For decades, financial institutions and lenders have used statistical models to make credit-related decisions. While these models improve efficiency and reduce variability, they have the potential to simultaneously perpetuate and accelerate historical patterns of discrimination. 

In the U.S., legislation like the Equal Credit Opportunity Act specifically bans discrimination in lending by forbidding credit score systems from using information like sex, race, marital status, national origin, and religion—and agencies are charged with enforcing this. However, credit invisibility and historical injustice mean that labeled credit data is limited on protected groups, which could negatively impact the accuracy of models trained on that data. Additionally, a vast body of research has demonstrated that even with sufficient training data, machine learning algorithms can encode many different versions of “unfairness.” This means that financial institutions could—potentially unwittingly—engage in illegal discrimination through the use of this technology.

Two conversations exist in parallel here: one about U.S. discrimination law/policy, and the other about machine learning fairness research. Yet, policymakers and researchers in this space seem to talk past each other when it comes to data access, usage of input features, and the definition of “discrimination” (intent-based vs. outcome-based).

Next Tuesday, at the AAAI/ACM conference on Artificial Intelligence, Ethics, and Society (AIES), we will be presenting a paper called Equalizing Credit Opportunity in Algorithms: Aligning Algorithmic Fairness Research with U.S. Fair Lending Regulation.

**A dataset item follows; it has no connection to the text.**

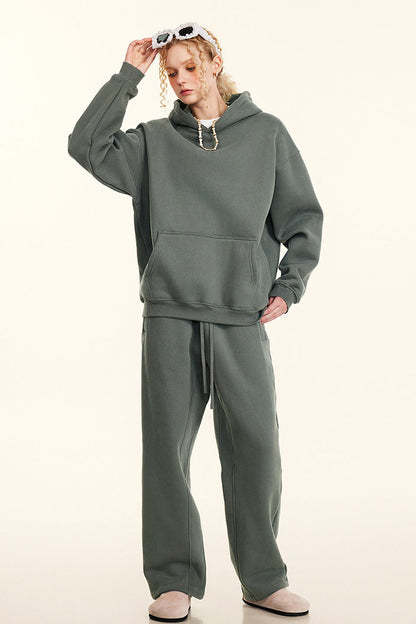 345GSM Fleece Solid Oversized Hoodie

The paper provides an overview of the following:

  • The current landscape of credit-specific U.S. anti-discrimination law as it pertains to algorithms for fair lending researchers
  • Fair ML research results, contextualized to the realities of credit data to identify “discrimination risks” in the credit setting
  • Regulatory opportunities to address those risks

The areas of lending regulation and of ML research are constantly evolving. We hope this paper is a useful tool for ML practitioners to understand the landscape and potential future directions.